Segment Start: DATA TO USE

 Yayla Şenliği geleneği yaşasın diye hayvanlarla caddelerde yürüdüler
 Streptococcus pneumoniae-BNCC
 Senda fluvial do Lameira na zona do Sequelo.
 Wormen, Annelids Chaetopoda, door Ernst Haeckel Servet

Segment End: DATA TO USE
Segment Start: DATA TO USE

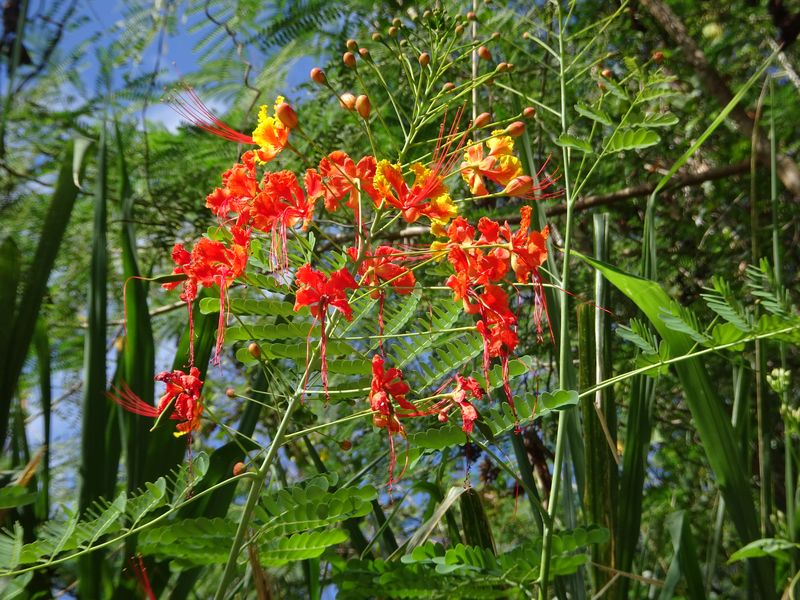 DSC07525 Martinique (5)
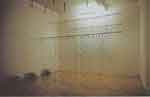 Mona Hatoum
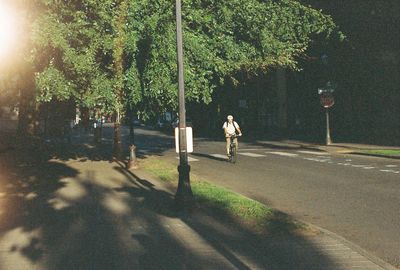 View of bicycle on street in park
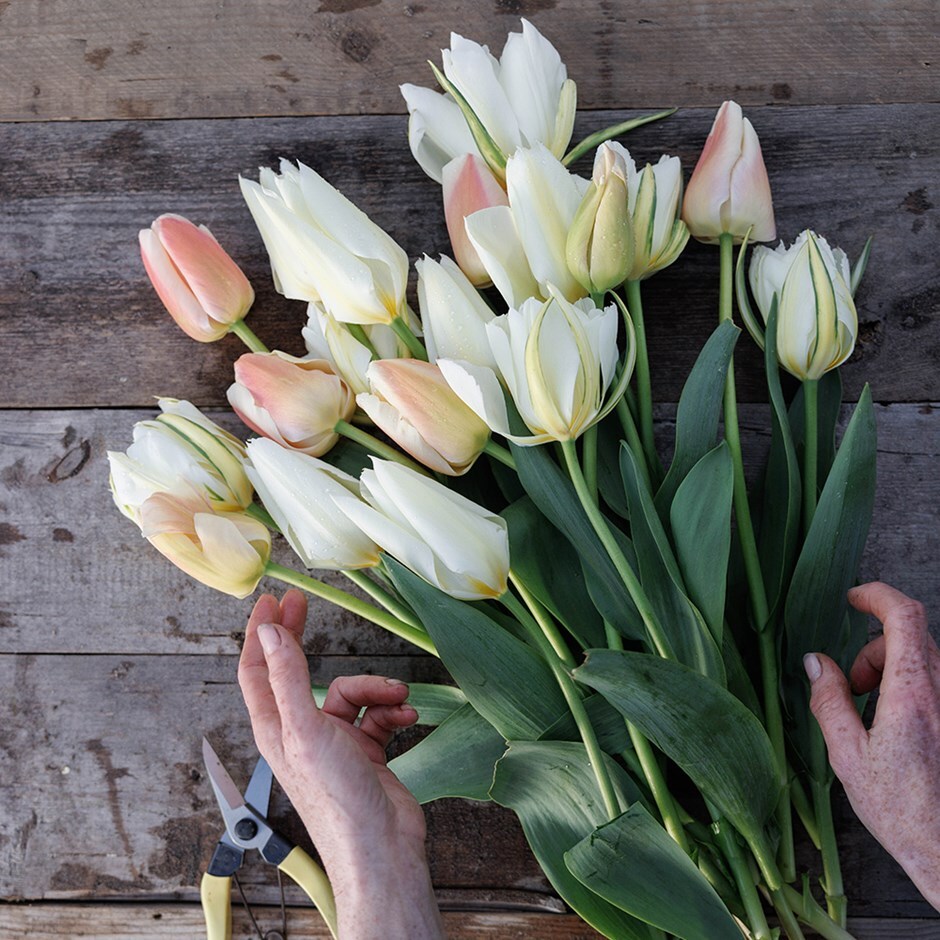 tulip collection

Segment End: DATA TO USE

▶ _TASK GOAL_:
Would you print exactly, and only, the lines of the data above from the line with "Yayla Şenliği geleneği" through the line with "Wormen, Annelids Chaetopoda, door", inclusive?

▶ _SOLUTION FOR THIS PROBLEM_:
 Yayla Şenliği geleneği yaşasın diye hayvanlarla caddelerde yürüdüler
 Streptococcus pneumoniae-BNCC
 Senda fluvial do Lameira na zona do Sequelo.
 Wormen, Annelids Chaetopoda, door Ernst Haeckel Servet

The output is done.